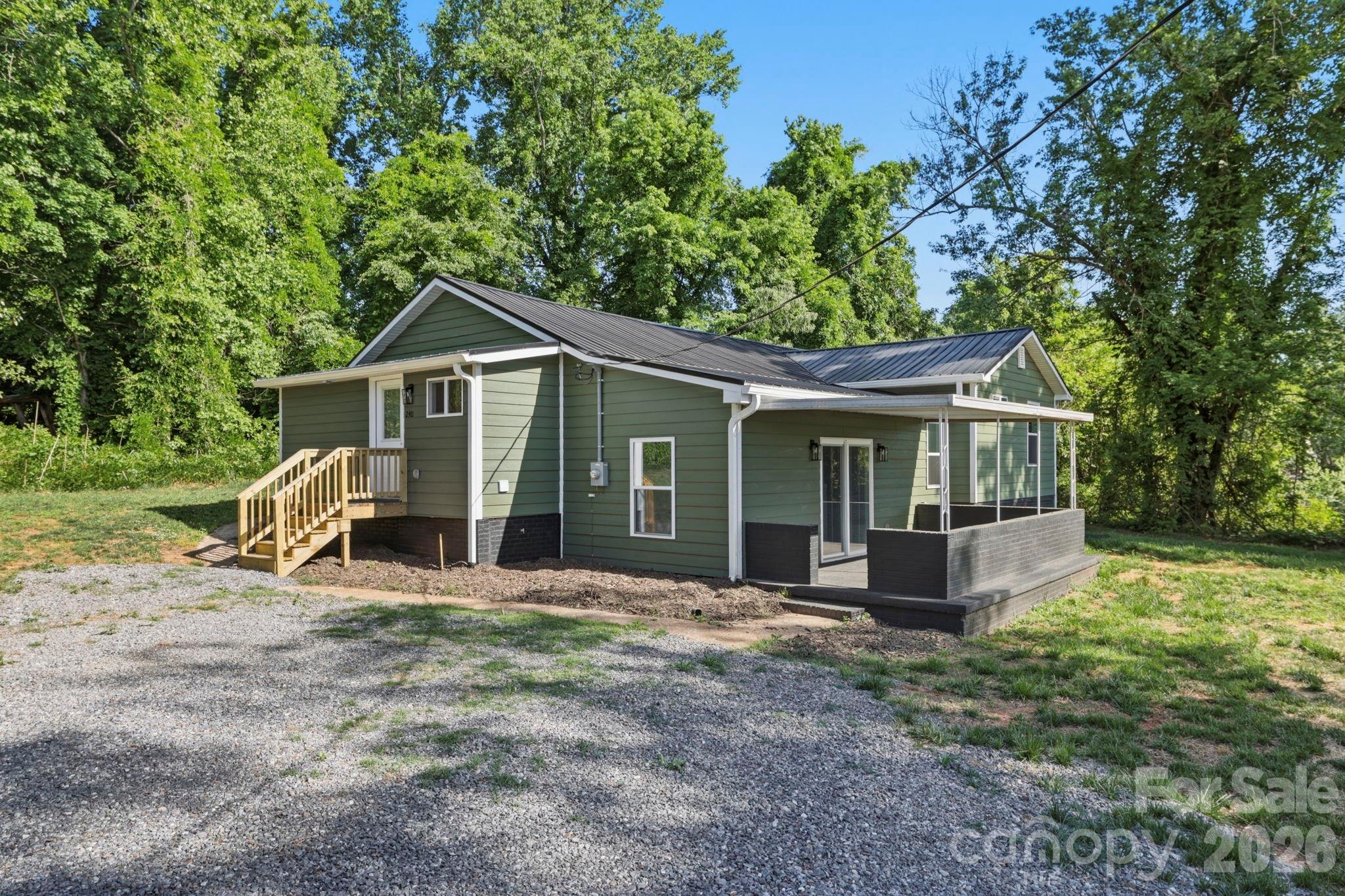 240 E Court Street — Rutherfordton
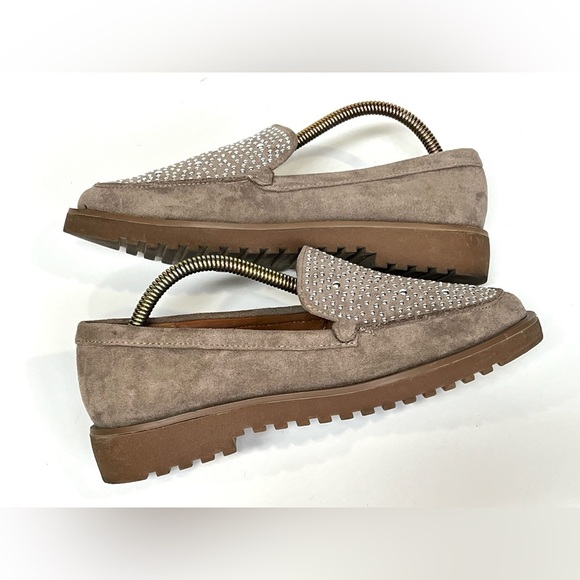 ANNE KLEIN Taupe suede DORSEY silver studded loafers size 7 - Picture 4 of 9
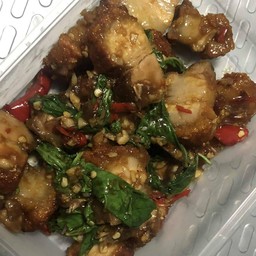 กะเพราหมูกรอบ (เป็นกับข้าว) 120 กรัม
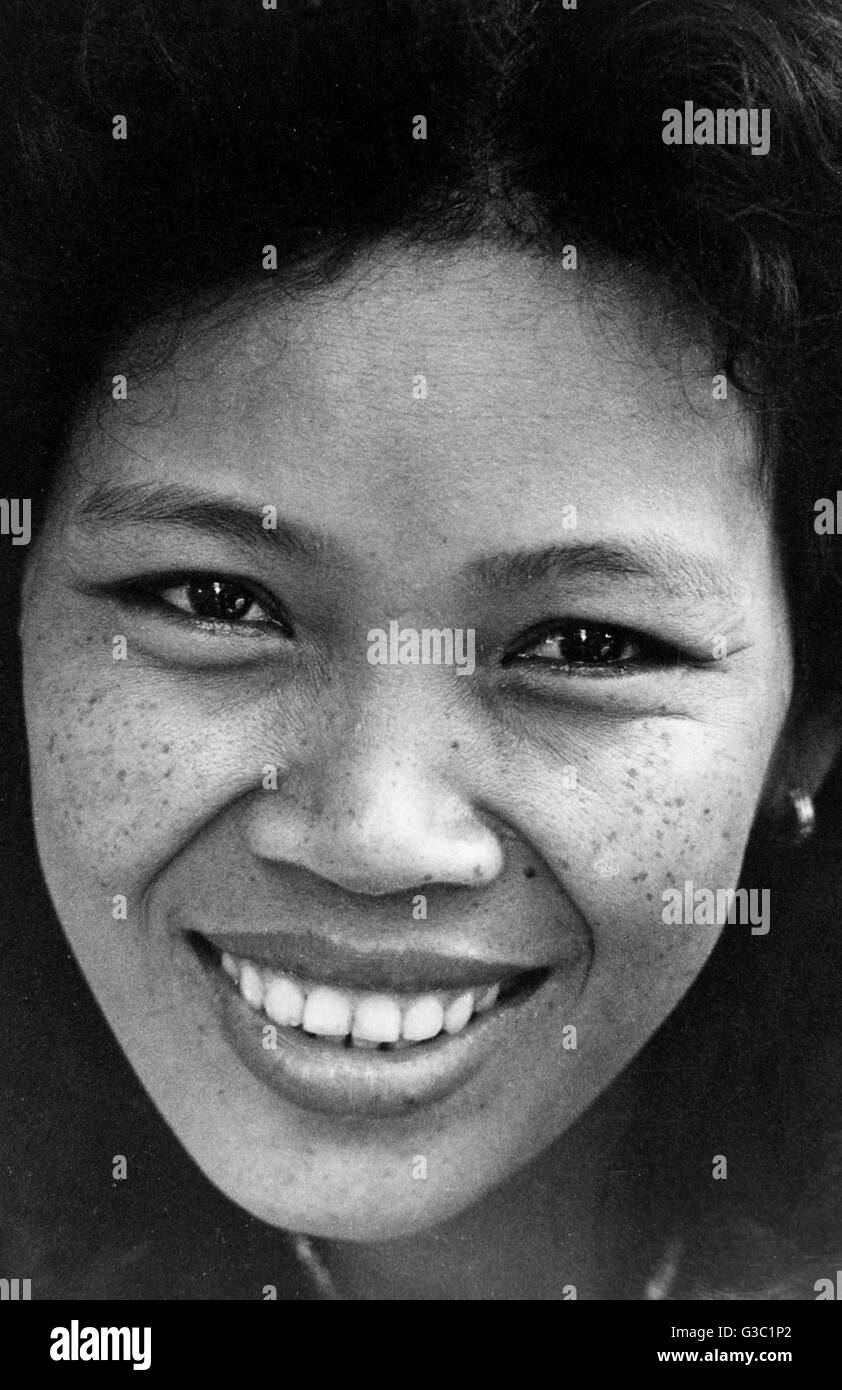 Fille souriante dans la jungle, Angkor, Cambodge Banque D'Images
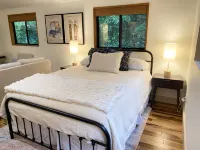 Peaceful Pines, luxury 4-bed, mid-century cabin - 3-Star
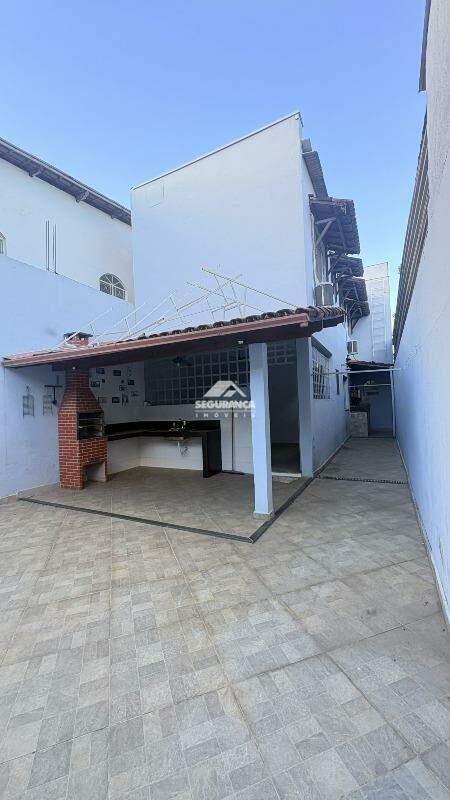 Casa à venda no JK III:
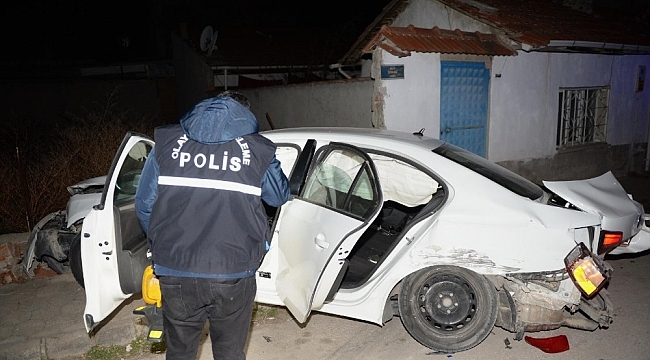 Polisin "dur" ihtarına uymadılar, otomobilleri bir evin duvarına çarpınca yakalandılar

################

■ WORK REQUEST ■
Reproduce the material above exactly, but only from the line with "ANNE KLEIN Taupe" through its last line, leaving pictures out.

■ SOLVED PROBLEM ■
 ANNE KLEIN Taupe suede DORSEY silver studded loafers size 7 - Picture 4 of 9
 กะเพราหมูกรอบ (เป็นกับข้าว) 120 กรัม
 Fille souriante dans la jungle, Angkor, Cambodge Banque D'Images
 Peaceful Pines, luxury 4-bed, mid-century cabin - 3-Star
 Casa à venda no JK III:
 Polisin "dur" ihtarına uymadılar, otomobilleri bir evin duvarına çarpınca yakalandılar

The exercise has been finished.